E&O insurance does not cover any intentional mistakes on your part or fraudulent activity. However, if a client files a claim against you for a mistake you made during notarization, your insurance will support your legal defense and pay any damages caused by the error. For example, if you notarized a power-of-attorney document for someone who is later found to be negligent or incompetent in handling their responsibilities, you would be covered by E&O insurance; while this person did not claim a false identity, their negligence can still have financial and emotional consequences for those affected by your authorization.
Myth #2: If you buy a surety bond, you don’t need E&O insurance.
A surety bond protects your clients—not you as their notary—and is often required by state law. If you make an error that affects your clients, the clients may make a claim against your surety bond. However, you will need to reimburse the bond company for that claim and endure steep consequences, including court fees, a legal defense, and any damages paid to the suing party. Therefore, E&O insurance is good to have as protection for yourself to recover any financial losses from a claim.
Myth #3: There is only one type of E&O insurance.

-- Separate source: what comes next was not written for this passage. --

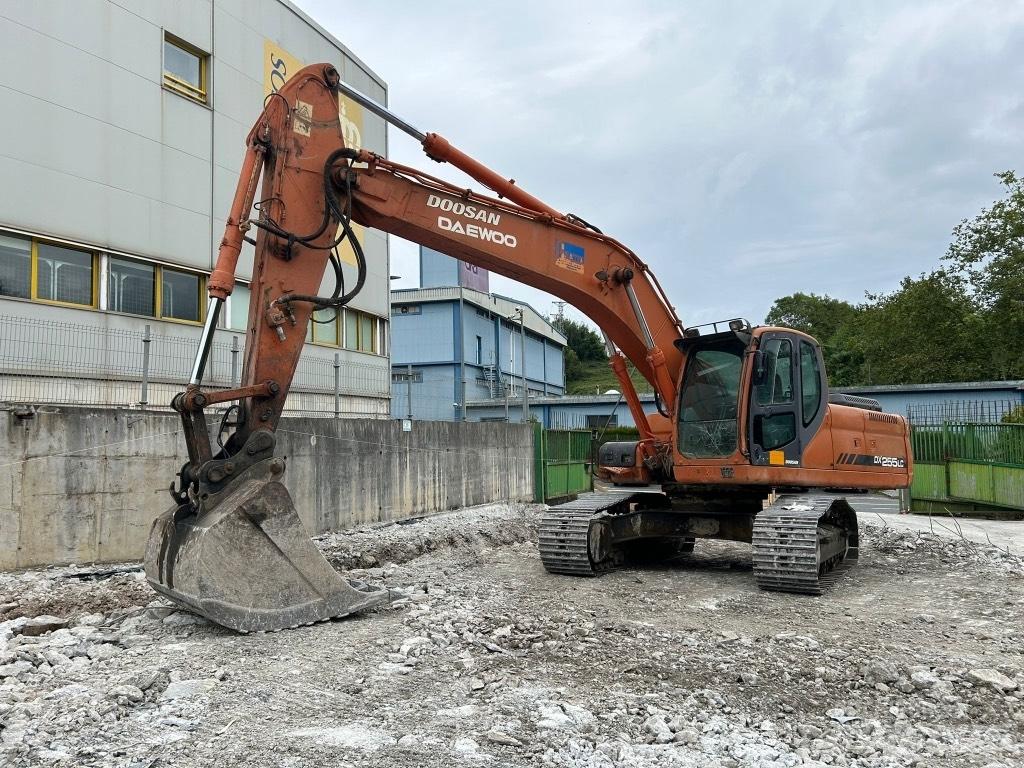 Doosan DX 255 LC 履帶式 挖土機/掘鑿機/挖掘機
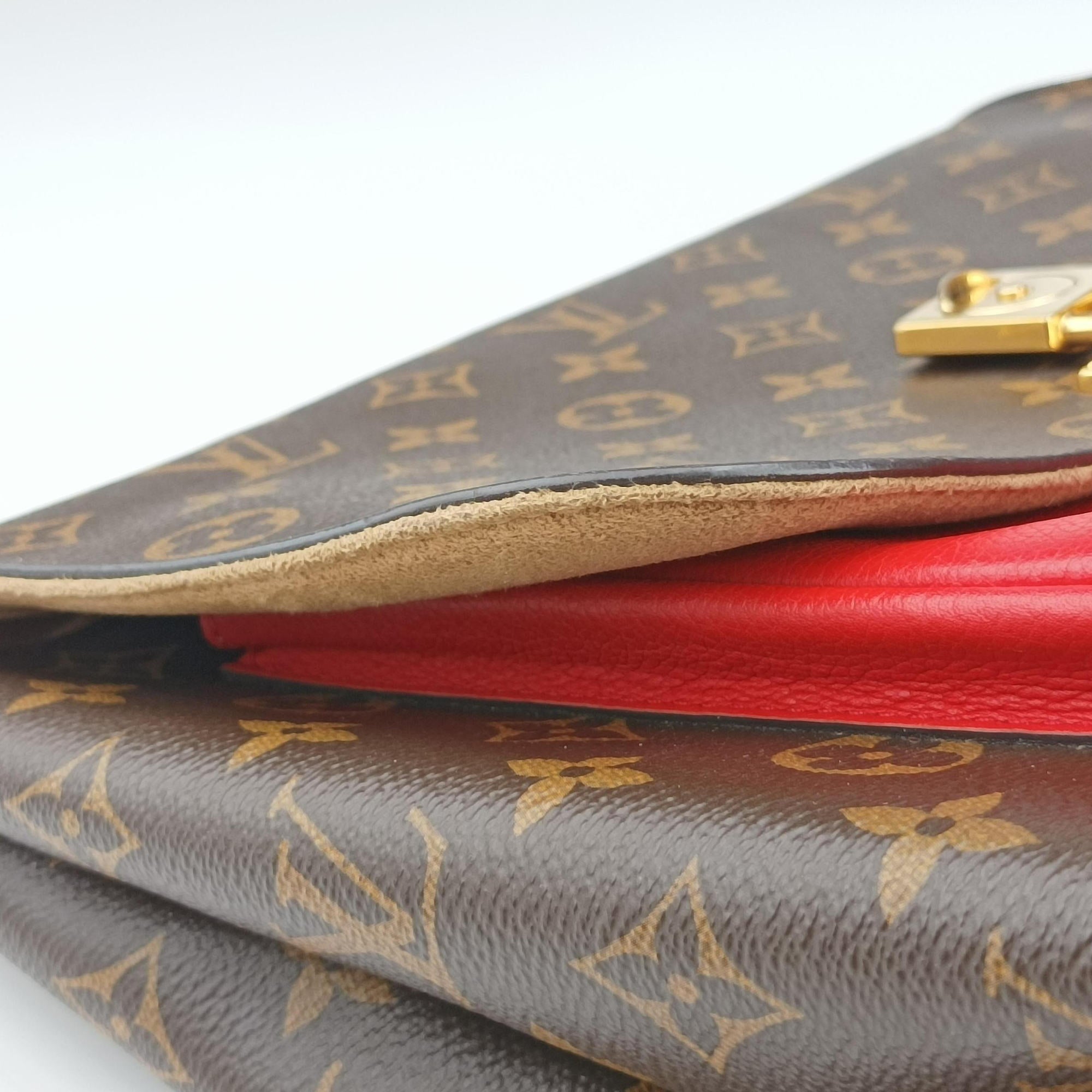 Pre-owned Louis Vuitton MARIGNAN Brown×COQUELICOT Monogram Canvas×calf leather M44544 shoulderbag | stylenewstar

There are three main levels of E&O insurance based on your needs. Regular (up to $100,000 in coverage) and high-limit (up to $2 million in coverage) E&O insurance are common for notaries who do not have a contract with a company. These two types of E&O insurance are considered traditional and only cover mistakes you made in the notarization itself.
If you are contractor who is hired to perform notarization for high-risk documents, such as loans, you may be required to have signing agent E&O insurance. Signing agent E&O insurance provides a bit more coverage for notaries, including:
- incorrect dates,
- completing or submitting notarizations past the deadline,
- missed notarization on signatures,
- missing initials, and
- incorrect changes.
Myth #4: E&O insurance will always cover you, even after you have retired.
If you have an occurrence-based policy, you will be covered for any mistakes that occur within your period of insurance coverage; this coverage lasts after your policy has expired. However, if you or your employer chooses claims-based E&O insurance, you will not be covered after the end of the policy term—even if the mistake happened when the policy was still active. It is therefore important to research your E&O insurance policy’s terms and conditions and apply for extended coverage as needed should you leave the business.